Table of Contents
If you study Medicine from anywhere around the world outside of the United States (such as Caribbean medical schools, or Europe or South America), talk about the opportunities and salaries available in the US will surely surface. Internationally, the US is still viewed as the "land of opportunity" and it is appealing for those who have chosen to follow a career in Medicine. Unfortunately, however, there is a very complicated process involved in studying Medicine in the US and you will need much more than a plane ticket to enter the hospital system. This article covers some of the top 4 essential steps that you must take in order to learn how to adjust to the US Healthcare System if you are coming as an IMG.
Number 1: Start the Paperwork for Your J-1 Visa As Soon As Possible
Do not have the false impression that because the US is such a large country, the government offices should have the available resources in place to process your applications quickly. If this is your first taste of the US, realize that the bureaucratic paperwork is considered to be a nightmare for a reason. Hospital administrators are notoriously slow for trying to complete paperwork for incoming students and may become a contributor to part of the problem. Many Residency Programs in the United States do not accommodate IMG candidates but as the doctor shortage continues to plague hospitals around the US, many programs now look for the strongest candidates internationally to fill the void. There is a good chance that the secretaries have never completed this paperwork before so it is up to you to try to contact them as many times as necessary to make sure that you have all your paperwork in order. A few of my Canadian friends were beginning Residency in the US and they did not get their J1-visas until 3 days before their Orientation Day after starting the process back in March. There is only a small window between Match Week and the start of most Residency Programs so make sure that you capitalize on all the time you have, otherwise you may lose your spot in the program.

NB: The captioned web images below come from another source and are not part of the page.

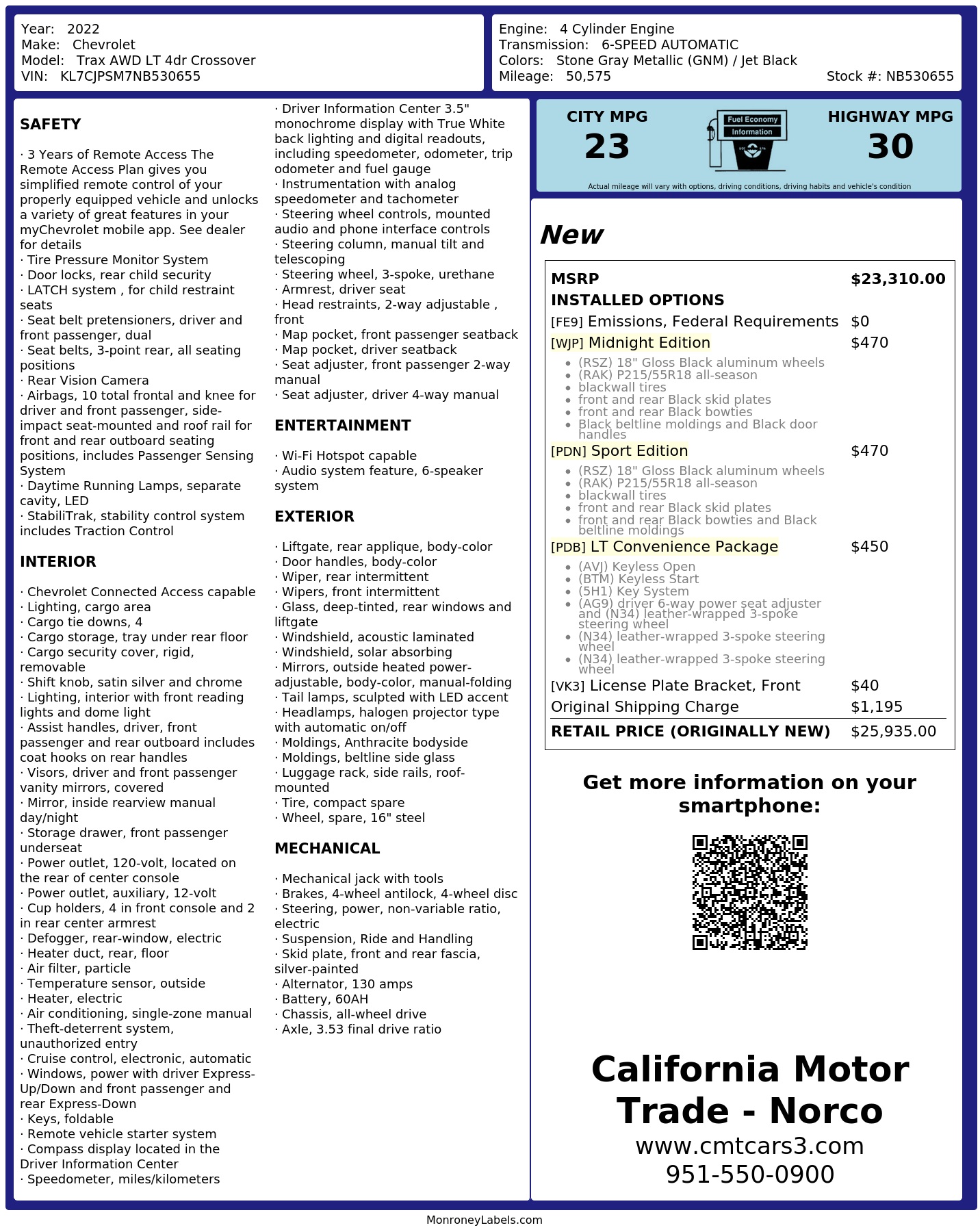 Monroney Label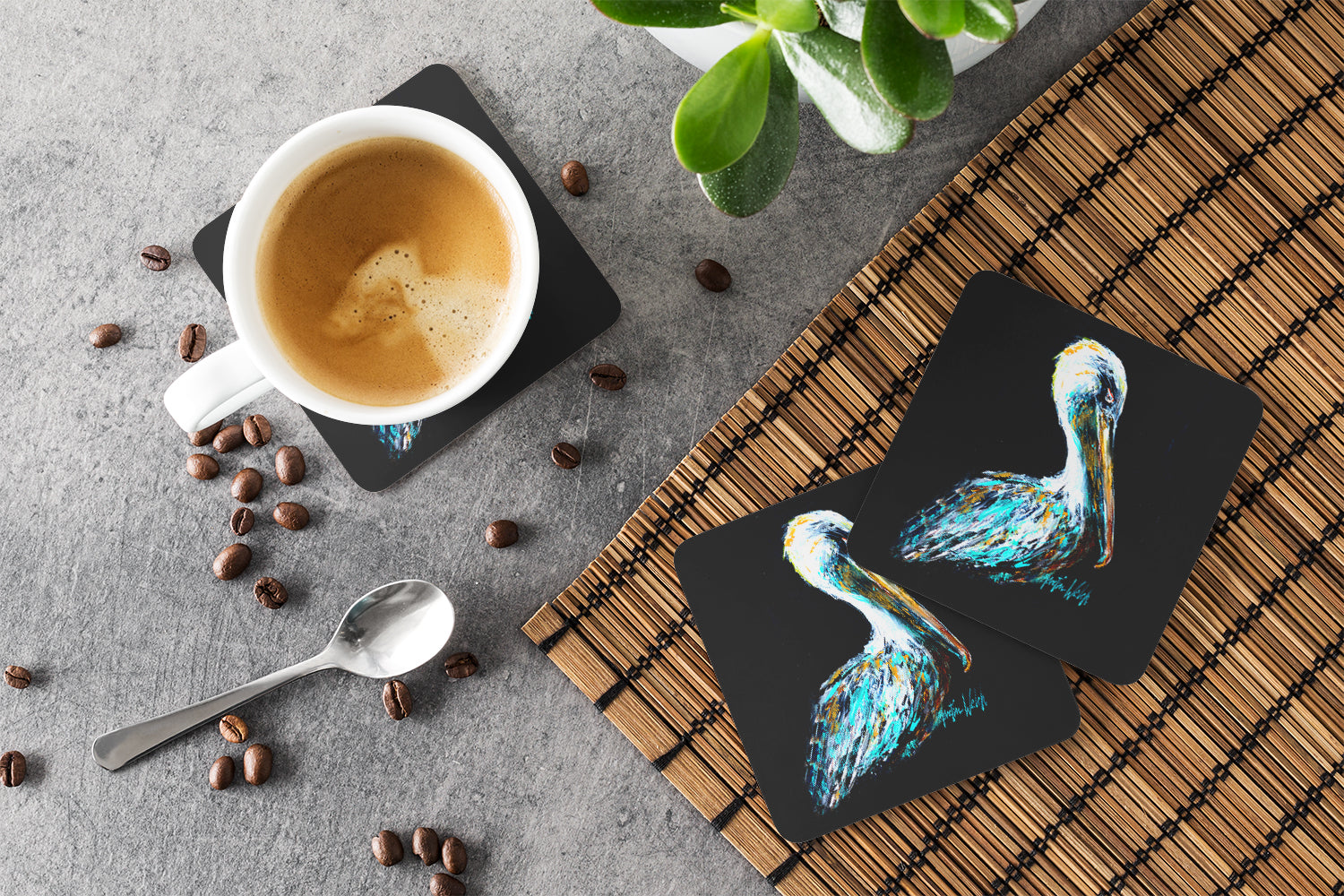 Dressed in Black Pelican Foam Coasters Set of 4 Cup Coasters for Indoor Outdoor, Tabletop Protection, Anti Slip, Mouse pad Material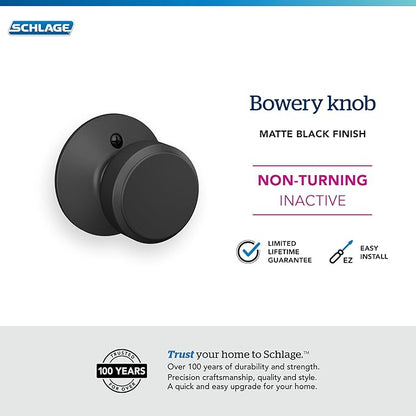 Schlage F170 BWE 622 Bowery Door Knob, One Sided Non-Turning Dummy Door Handle, Matte Black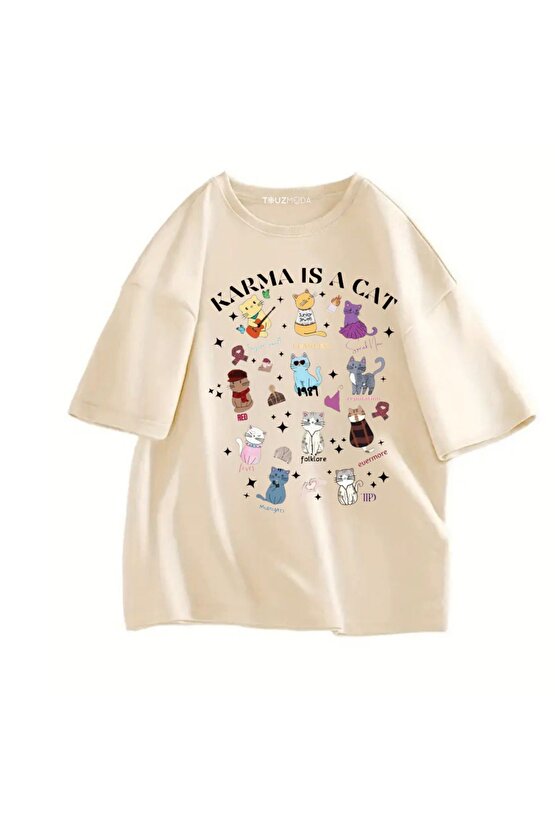 Karma is Cat Baskılı Unisex Oversize  T-Shirt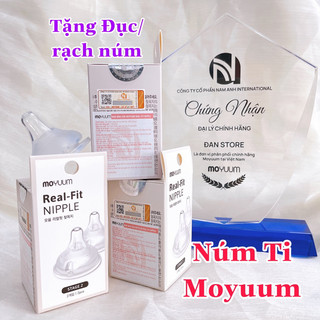 Tặng Đục Núm- Núm ti moyuum số 1 2 3 4 chính hãng, Núm ty Moyuum hàng Nhập khẩu tem công ty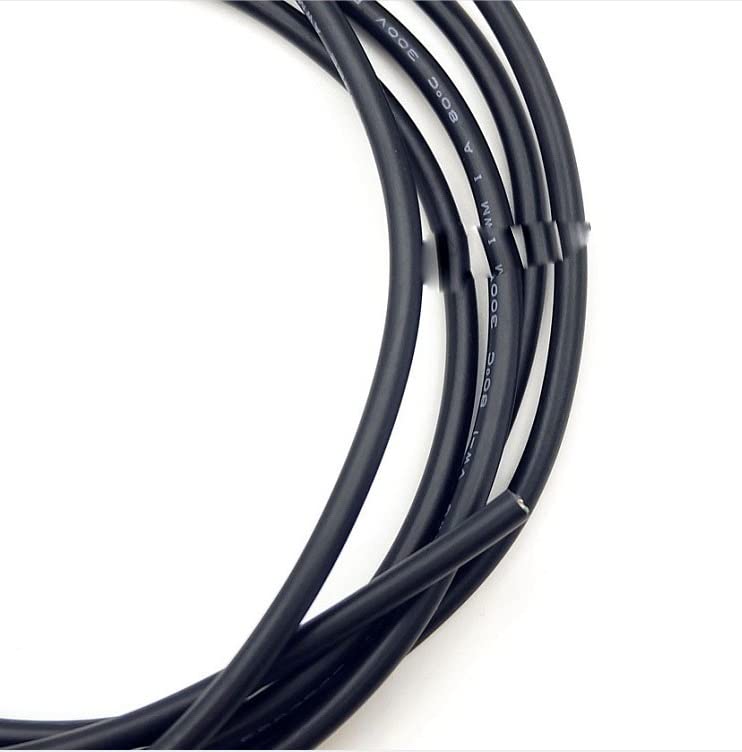 BCOMFY 26 24 22 20AWG 2 3 4 5 6 10 8 12 14 16 Core PVC Revestido De Alambre De Cobre Conductor Eléctrico RVV Cable Negro Suave Revestido(0.12mm 26AWG,2 Cores)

Number 2: Review First Aid For the STEPs
This piece of advice can apply to both types of IMGs that can come and practice in the US. For those of you who studied and took all the STEP exams in order to qualify for a Residency position as well as those who have studied and practiced Medicine in their home countries and then who wish to transfer into the US System. The key piece to remember is US hospitals have different standards of care than any other country in the World. You may know what the EU recommends as management for an NSTEMI heart attack but that will be different in the way you must manage the patient in the United States. If you do not realize this before your start, it will become very hard for you to adjust to the system while you are working long days. Malpractice lawsuits do not discriminate between natives and non-natives so you may be dealing with a lot of new stress early on in your practice.